▸ Directions for this task
The line with "A locksmith kneeling" and each line following it, up to the final line of the data, should be set down exactly; pictures stay out.

[Image-text web data]
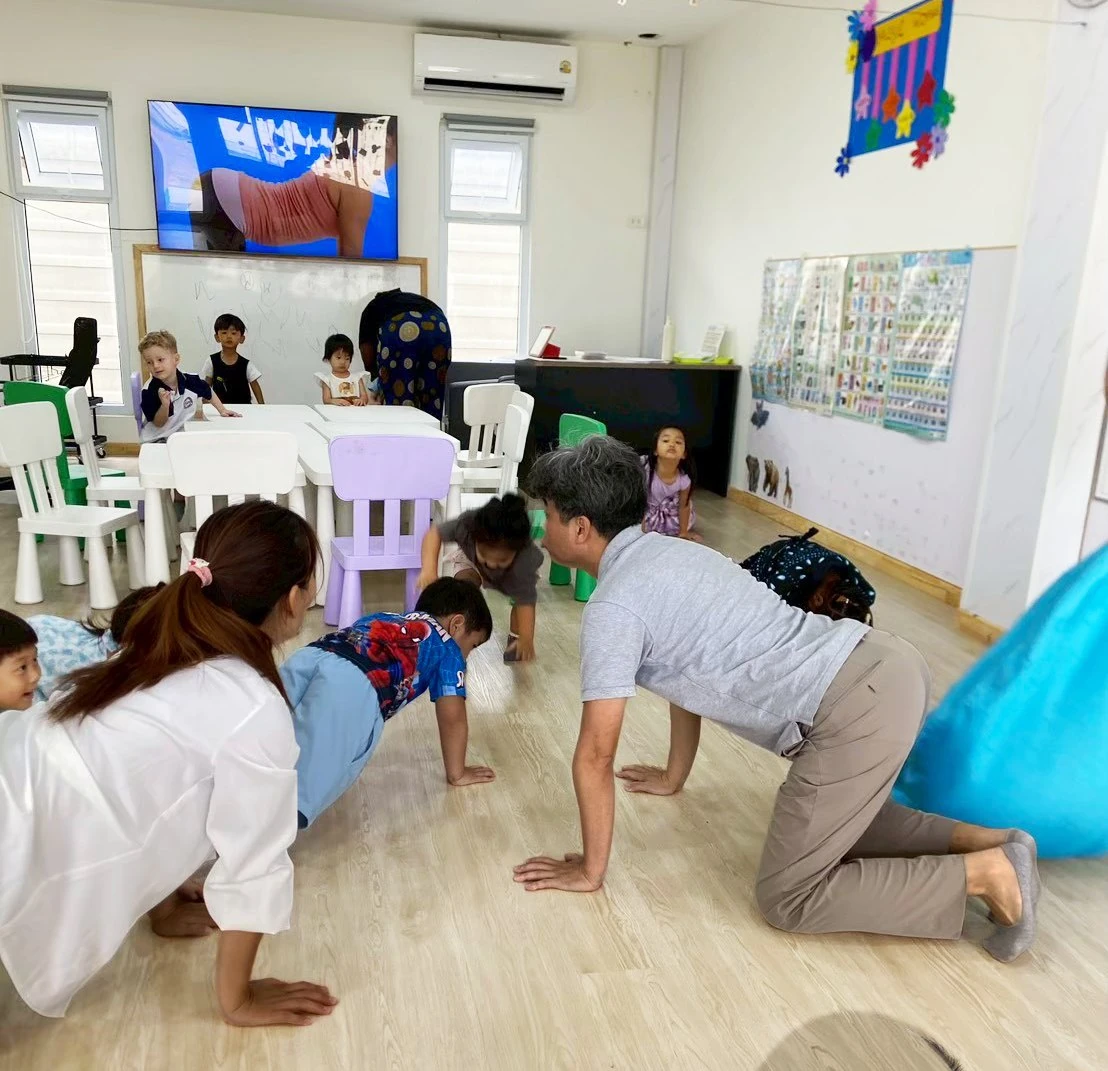 孩子和大人们在共同的运动活动中一起在教室地板上爬行
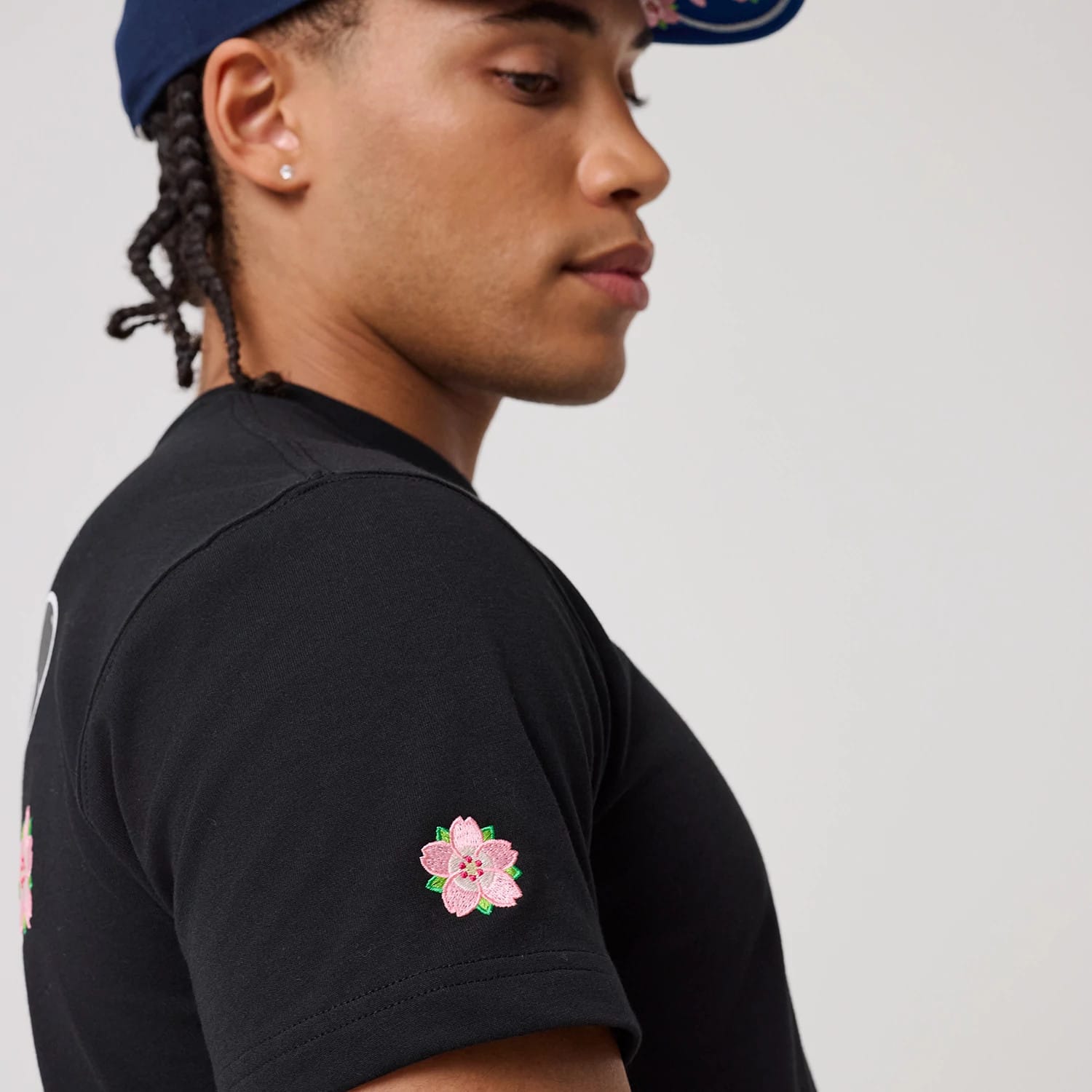 The model is wearing this New Era Sakura T-Shirt in black. 5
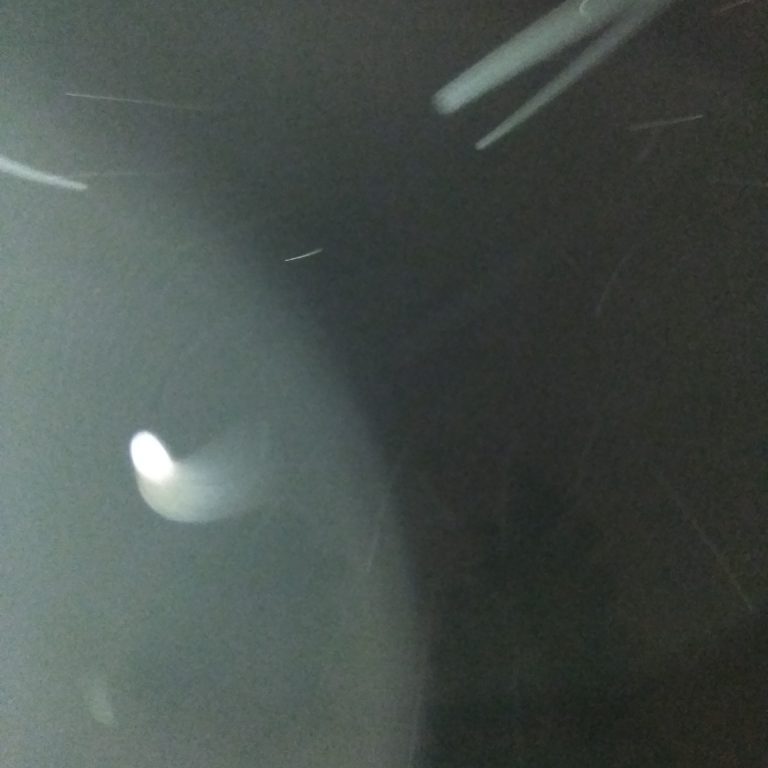 Blurry image with streaks of light.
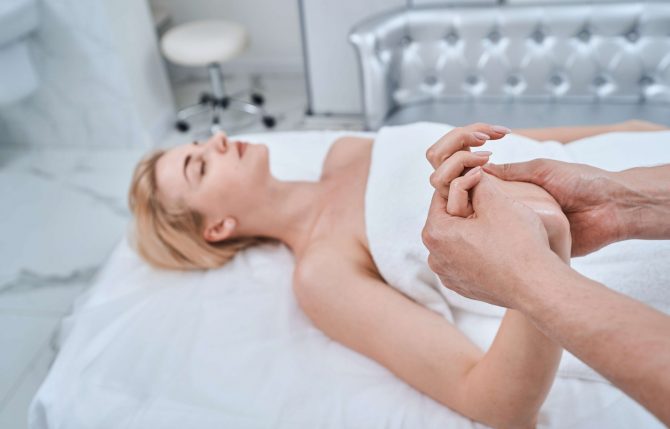 Blonde woman lying supine on the couch during the acupressure massage performed by a reflexologist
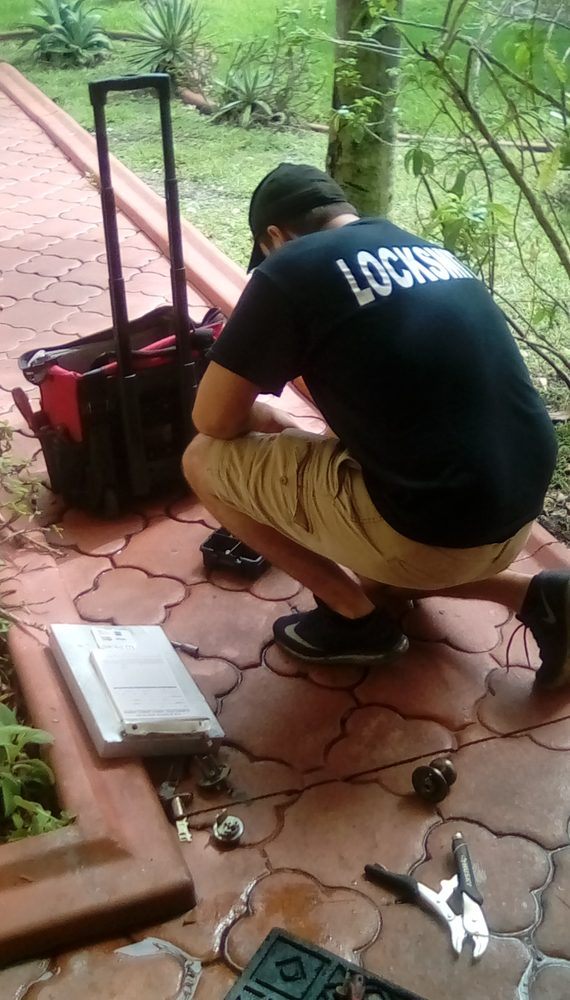 A locksmith kneeling beside a rolling tool bag at an entry while working on a lock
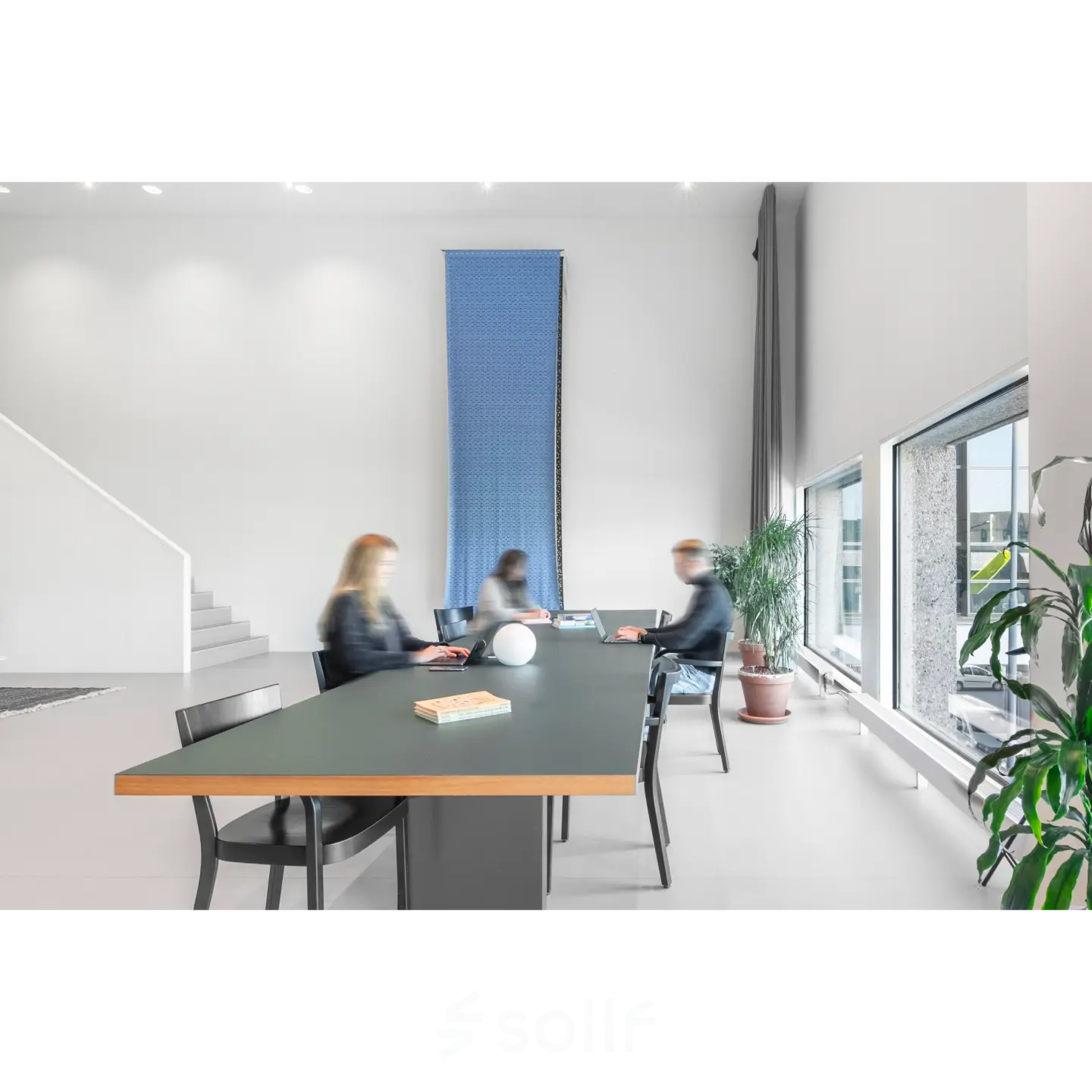 Modern office space rental at Hofplein 20, Rotterdam Central Station, featuring a sleek table with people engaged in business activities.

▸ Answer for the task
 A locksmith kneeling beside a rolling tool bag at an entry while working on a lock
 Modern office space rental at Hofplein 20, Rotterdam Central Station, featuring a sleek table with people engaged in business activities.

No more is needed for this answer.